Linear Recurrent Unit (LRU)

Updated 20 January 2026

Linear Recurrent Unit (LRU) is a recurrent neural network cell that replaces non-linear gating with linear recurrences, enabling efficient parallelization and fast incremental inference.
It utilizes diagonalized spectral decomposition and parallel scan algorithms to reduce computational complexity, achieving significant throughput improvements over traditional models.
Modern LRU variants integrate nonlinear modules like Layer Normalization and feed-forward networks to capture complex dependencies, boosting accuracy in recommendation, forecasting, NLP, and reinforcement learning.

A Linear Recurrent Unit (LRU) is a recurrent neural network cell that employs a purely linear recurrence, replacing traditional non-linear gating mechanisms with operations that admit efficient parallelization, stable sequence modeling, and low-latency incremental inference. LRUs have been developed in response to the computational bottlenecks of attention-based models and the optimization difficulties found in deep non-linear RNNs. Their design has influenced multiple modern architectures in sequential recommendation, time-series forecasting, natural language processing, and online reinforcement learning.
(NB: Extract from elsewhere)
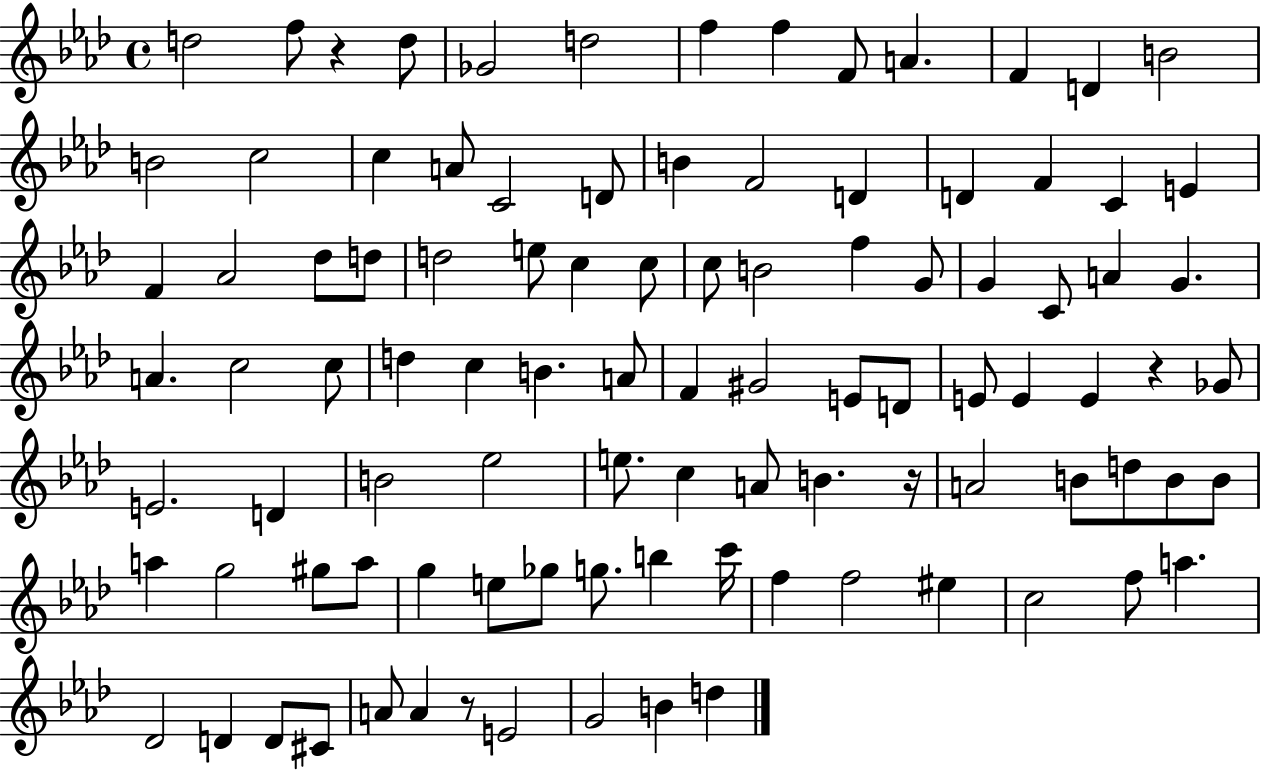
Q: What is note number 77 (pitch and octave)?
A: G5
1. Mathematical Foundations and Model Structure

The canonical LRU updates the hidden state $h_k\in\mathbb{R}^H$ at timestep $k$ by a strictly linear recurrence: $h_k = A h_{k-1} + B x_k, \qquad y_k = C h_k + D x_k$ where $x_k\in\mathbb{R}^{H_n}$ is an input vector, and $A,B,C,D$ are learnable parameter matrices of appropriate dimensions. To stabilize training and ensure efficient computation, $A$ is diagonalized via eigendecomposition: $A=P \Lambda P^{-1},\qquad \Lambda=\operatorname{diag}(\lambda_1, \dots, \lambda_H)$ with spectral radius $|\lambda_i|<1$ , often parametrized in exponential form for both numerical stability and effective gradient propagation: $\lambda_i = \exp(-\exp(\nu_i^{\log}) + j \exp(\theta_i^{\log}))$ After absorbing $P$ into $B$ and $C$ , the recurrence simplifies to a diagonal or complex form where each hidden channel evolves independently. This structure enables parallel scans along the sequence dimension, achieving $O(\log L)$ training time for length- $L$ sequences using divide-and-conquer scan algorithms (Yue et al., 2023, Orvieto et al., 2023, Liu et al., 11 Apr 2025).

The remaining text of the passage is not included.